Professors Baoguo Cui and Nancy Snow discussing guanxi.

Professors Baoguo Cui and Nancy Snow Discussing Guanxi

Seeking Global Connections

Snow’s Blog 9: Respect the Guanxi

November 20, 2007
By Nancy Snow

Nancy Snow, associate professor of communications, is a visiting senior scholar and professor in Beijing, China, through November. She is teaching a graduate course in public diplomacy at Tsinghua University’s School of Journalism and Communication, as well as working on joint research projects with Chinese faculty. While overseas, she will be sharing her experiences.

Lesson Nine: When in China, respect the concept of “guanxi” or connections.

Back home, I am energized by meeting people and getting to know who they are and who or what they know. Such connecting does not always have any end goal in sight, but it often leads to the “I know someone who can help you” answer to a question. I’m curious about how each individual fits into a larger network. Think Malcolm Gladwell’s “The Tipping Point,” which I’m always recommending to my Chinese friends. I’ve assigned his book for reading in my Cal State Fullerton persuasive communications class and it’s always a winner, along with the classic Dale Carnegie “How to Win Friends and Influence People.”

In China, you have to secure the social deal to make it all happen. Knowing how to go about making and keeping connections is an art and science. The Chinese seem to be getting more sophisticated about purposive guanxi with every skyscraper built.

Robinson and I played basketball with these fellows. We won!
Robinson and I played basketball with these fellows. We won!

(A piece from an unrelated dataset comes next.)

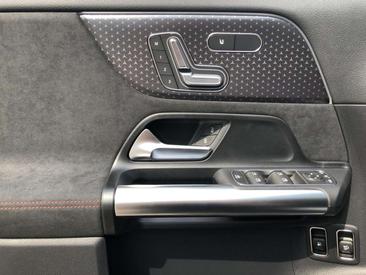 Mercedes GLA 250 Night Edition — photo 15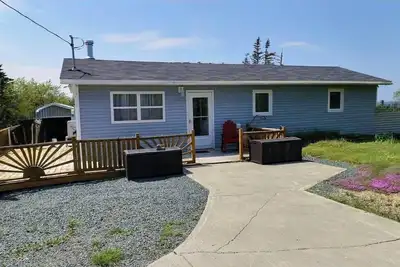 Image de Cozy 2-bedroom bungalow in the country but minutes to the highway! .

My Tsinghua students are very well versed in guanxi, particularly in the oft-repeated request for letters of recommendation. I believe that some think that I may hold a magic wand in my hand if I write a letter on their behalf. The problem is that my guanxi only goes so far. For instance, I’m reluctant to write a letter of recommendation for anyone I have not had in class and for whom I’ve not assigned a final grade. So far I’ve agreed to write just one letter of recommendation for a master’s student applying to the USC Annenberg School for Communication doctorate program. I’m not writing this as any favor. I believe this student is well qualified to successfully compete with fellow doctoral students in America. Her English is near perfect. She has served as my interpreter/translator on many occasions and is 100 percent professional in her demeanor.

Other students find out that I’m writing this letter and they approach me with great anticipation. They all are very charming and America is to many of them still a dream place to do a post-graduate degree. If I could, I would nod my head like Barbara Eden in “I Dream of Jeannie” and send them all to America. There’s no “Why do they hate us?” anxiety about the pull of higher education in America and these students are likely to become America’s greatest unofficial public diplomacy ambassadors.

America could very well be the online king of guanxi, though we may call it by a different name, such as social networking or schmoozing. Look at all our Web 2.0 connection creations, namely Facebook, MySpace, LinkedIn, Second Life, Friendster, eBay and craigslist, among many others. We’ve colonized the World Wide Web with our social networking prowess. Other countries are following suit by adapting the digital social network to their own needs.

Robinson Xiang, doctoral student, who has taught me much about Chinese traditions.
Robinson Xiang, doctoral student, who has taught me much about Chinese traditions.

In China, being able to eat heartily and drink a bit of alcohol (not in excess) is good guanxi. I had the experience of being offered Tsingtao beer when I was in Qingdao to deliver a speech about U.S. media coverage of the Made in China crisis. The conference officials turned to my Chinese friends with big satisfied smiles and proclaimed their pleasure at my willingness to try their local cuisine and famous local beer. Many officials came over to the table to say kind words and end with a “Kanpai” toast. I was careful not to over imbibe, which would certainly be bad guanxi. Nevertheless, being a teetotaler is probably not good guanxi, but a moderate drinker can hold one’s own.

The bottom line for good guanxi is a respectful appreciation for the social relation and a good memory. As Frederik Balfour reported in Business Week (11/08/07, “You Say Guanxi, I Say Schmoozing”): “Guanxi goes back thousands of years and is based on traditional values of loyalty, accountability and obligation — the notion that if somebody does you a favor, you will be expected to repay it one day.” Don’t just expect things to be handed to you but pay it forward.

I could never fully repay China in general and Beijing for all the good guanxi times I’ve had, but I’ll certainly keep trying.